Ulster University Economist Dr Esmond Birnie says the NI Protocol costs the economy £850-950m per year. His estimate has come under close scrutiny after being cited by DUP leader Sir Jeffrey Donaldson as a key reason to oppose the protocol.
BBC NI Economics & Business Editor John Campbell told Good Morning Ulster today that Dr Birnie’s analysis was based on “a very limited data set” which is based on the experience of four companies, one of them Marks & Spencers.
Mr Campbell said Dr Birnine then extrapolated from this what costs have been incurred as a result of the NI Protocol.
The broadcaster said the total inflow of goods and materials coming into NI annually is about £10bn and Dr Birnie calculated that the Protocol has caused a 6% rise in costs, totalling £600m per year of extra cost per year for business.
Dr Birnie then added a further £250m in costs due to extra spending by government to assist businesses with the extra red tape imposed by the EU through the Protocol.

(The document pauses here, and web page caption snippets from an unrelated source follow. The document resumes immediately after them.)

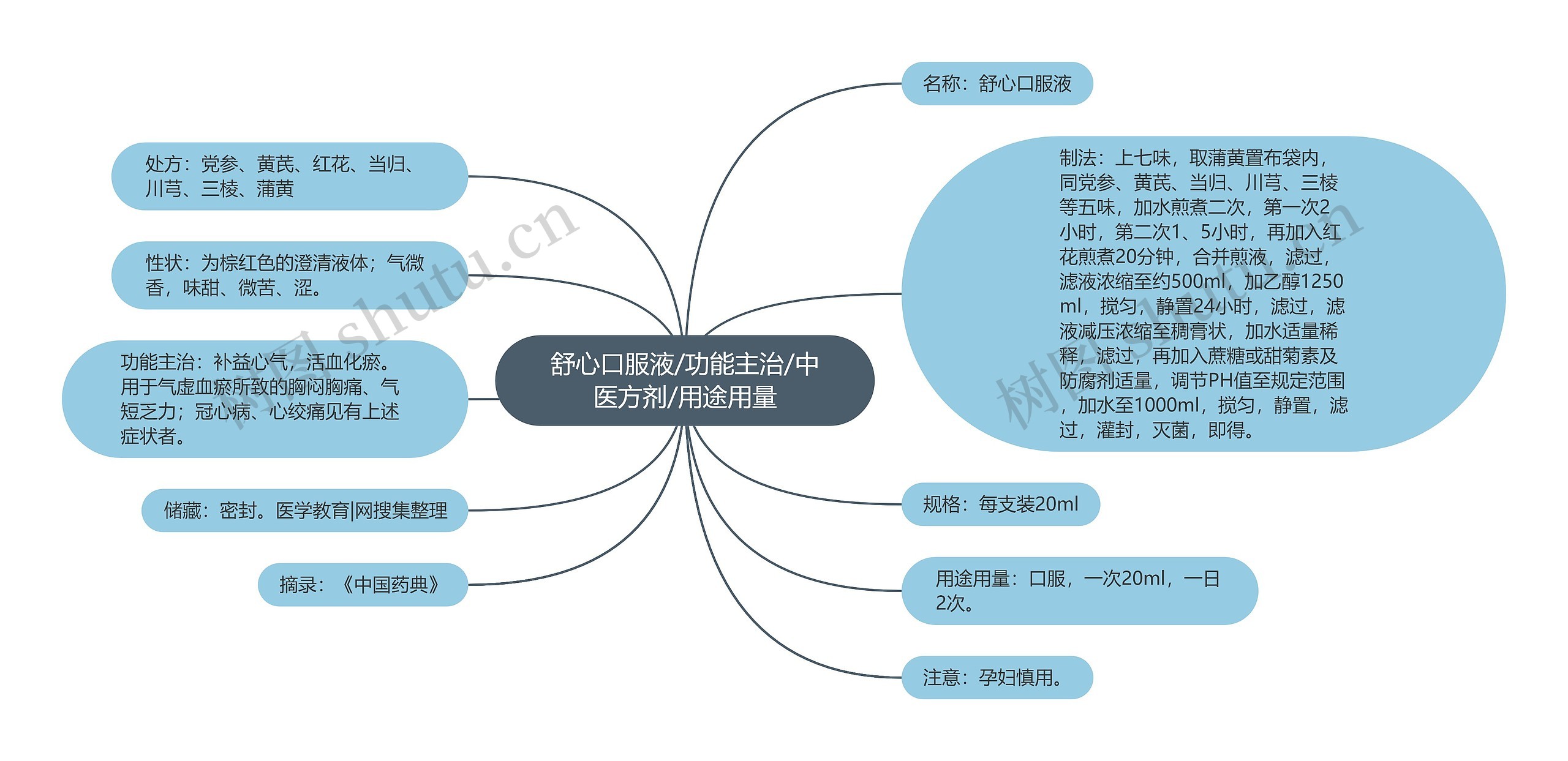 舒心口服液/功能主治/中医方剂/用途用量思维导图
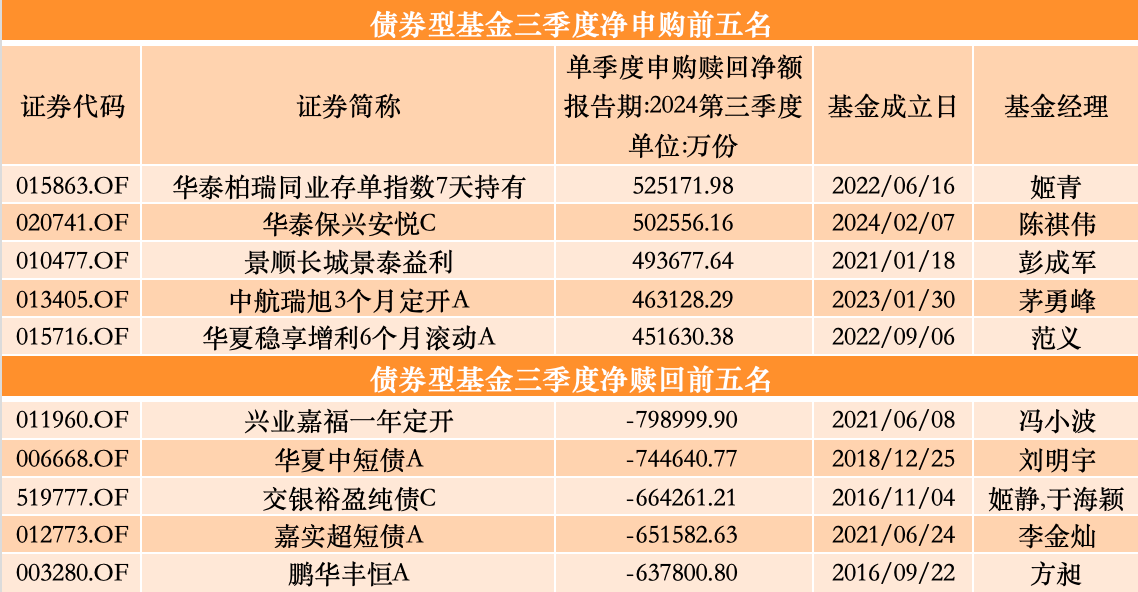 三季度股基、QDII获净申购,多位明星基金经理业绩回暖却遭净赎回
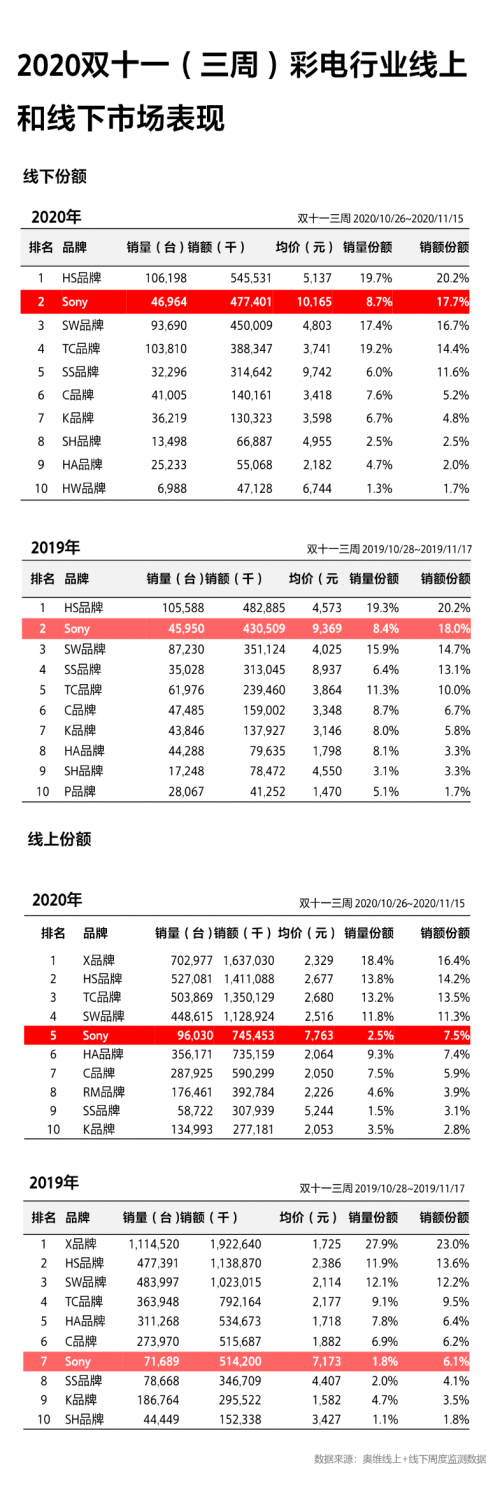 成11.11高端大屏電視首選！索尼電視強悍實力由何而來？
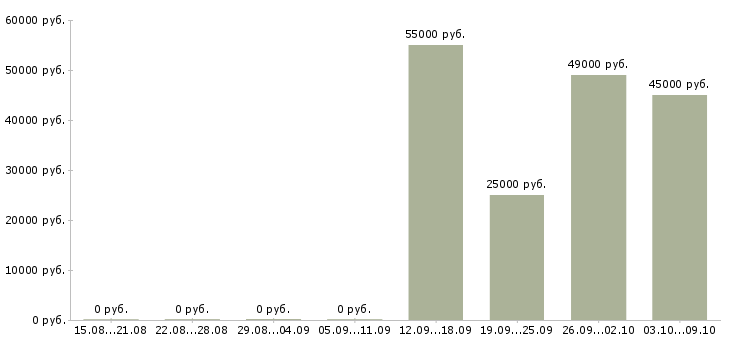 Вакансии кассир с проживанием в Саратове - Медиана зарплат кассир с проживанием в Саратове за 2 месяца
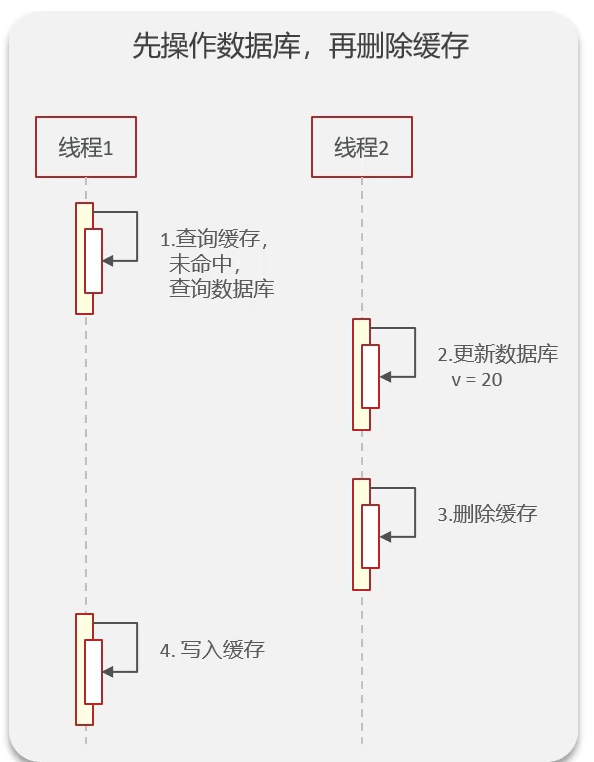 image-20240218171440646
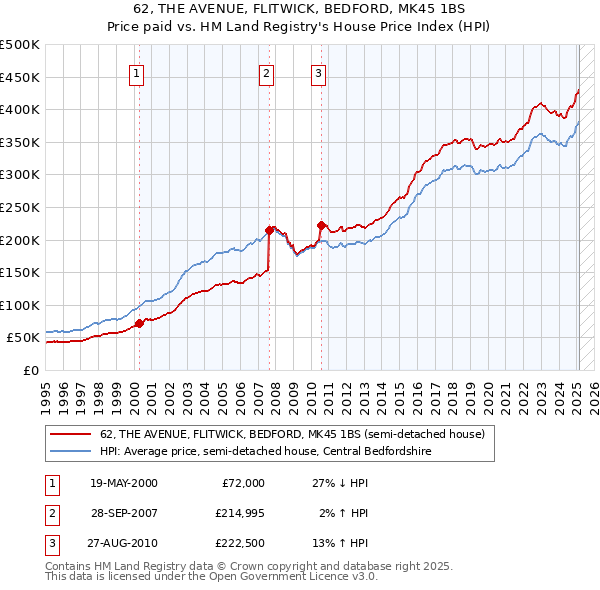 62, THE AVENUE, FLITWICK, BEDFORD, MK45 1BS: Price paid vs HM Land Registry's House Price Index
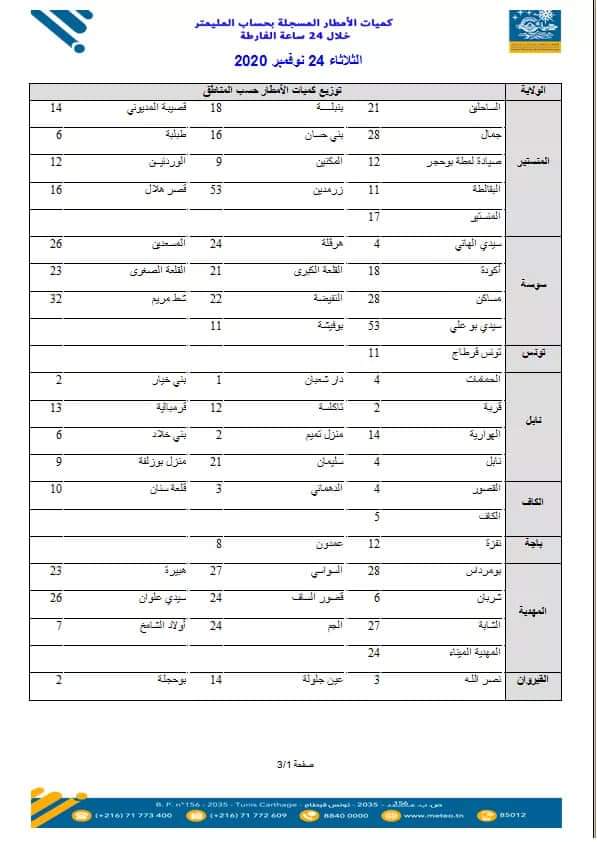 اات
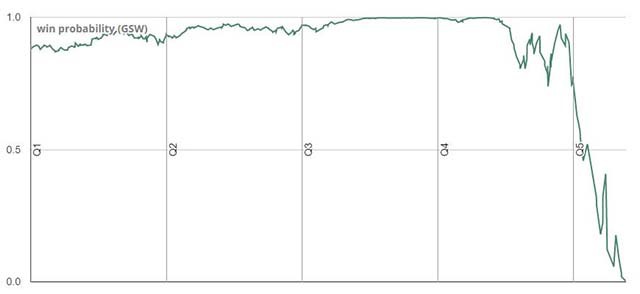Theo tính toán của máy tình thì tỷ lệ chiến thắng của Warriors lến đến 99,6% khi trận đấu còn 7 phút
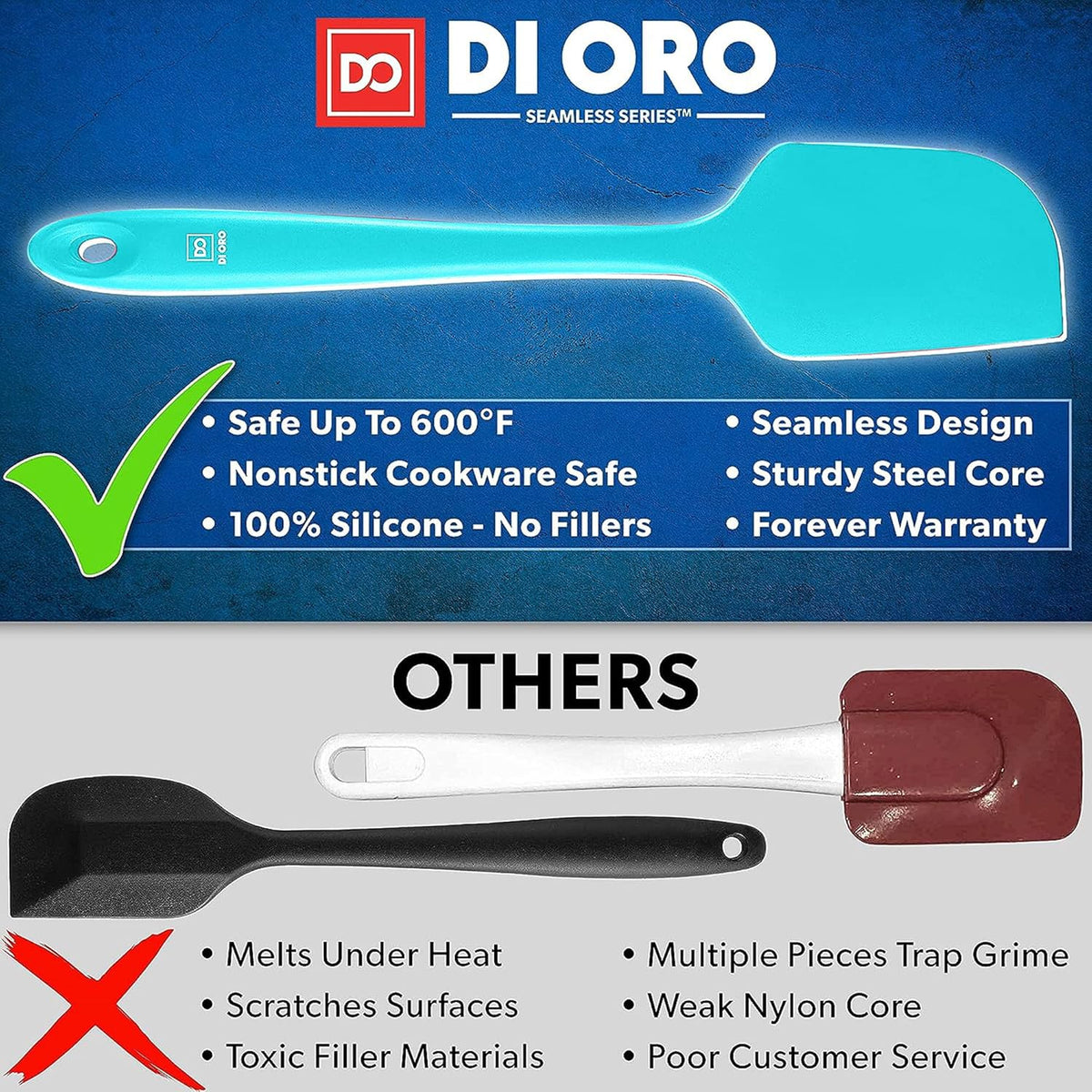 DI ORO Silicone Spatula Set - Rubber Kitchen Spatulas for Baking, Cooking, & Mixing - 600°F Heat-Resistant & BPA Free Silicone Scraper Spatulas for Nonstick Cookware - Dishwasher Safe (4pc, Teal)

However Mr Campbell said it was “debatable” whether the £250m should be added in as it was a cost covered by central government and not incurred by Stormont.
He also said Dr Birnie failed to add in the value of extra trade NI has engaged in with the Republic of Ireland/EU. He noted that Dr Birnie was “very sceptical” of Dublin’s official data, which suggested there has been a big increase in cross border trade with the Republic.
Mr Campbell also noted that SDLP MLA Matthew O’Toole said the Birnie analysis was comparing the costs in a no-Brexit scenario, not a Brexit situation with a Protocol.
But Dr Birnie issued a stout defence of his figures to the News Letter.
“Those who challenge my estimate - which is based on figures from real businesses - that firms face a 6% increase in costs for bringing in goods or materials from GB should bear in mind that other sources have quoted even higher cost increases,” he said.
“Back in 2018 the Treasury, when trying to predict the impact of Brexit on the UK in general, said that international experience was that borders added 5-11% (average 8%) to non-tariff barriers due to things like time delays, bureaucracy and checks.”
He added that last year economists at the Fraser of Allander Institute in Glasgow estimating the impact of the Protocol on NI used a cost increase figure on GB to NI trade of 8% - compared to his 6% estimate.
“So, if anything, it is possible I under-estimated the Protocol’s cost increase!” Dr Birnie added.
Responding to suggestions that the £250m extra government cost is not relevant because it is paid by central government and not Stormont, he added: “Well, it is a cost to the UK taxpayer and I would have thought we should have learned from RHI, there is no free money even if it comes from the London government.
“At some point in the not too distant future the UK government may decide to spend less on mitigating the Protocol. At that point part of the £250m per annum moves over to become a direct cost to the NI private sector.”
He added that anyone who complains that large estimates of the cost of the Protocol have no basis in evidence should also read the recent article, ‘The Northern Ireland Protocol: Is Northern Ireland stuck in the middle?’ by G. Duparc-Portier and G.Figus.
“They are quite clear, using an economic forecasting model, that over the long run even allowing for the beneficial effects of the Protocol on NI-RoI and NI-EU trading, there will be an overall cost amounting to about 2.6% of NI’s GDP of which 2.1% is the result of the higher costs on moving goods from GB to NI.
“In today’s money 2.1% of NI’s GDP is equivalent to about £900m to £1000m, so we are back to that sort of number again.”
However the economist also added a further warning.
“If we have faced all these economic problems from the Protocol when it is still only partly implemented- imagine what full implementation, particularly in terms of food products could look like?”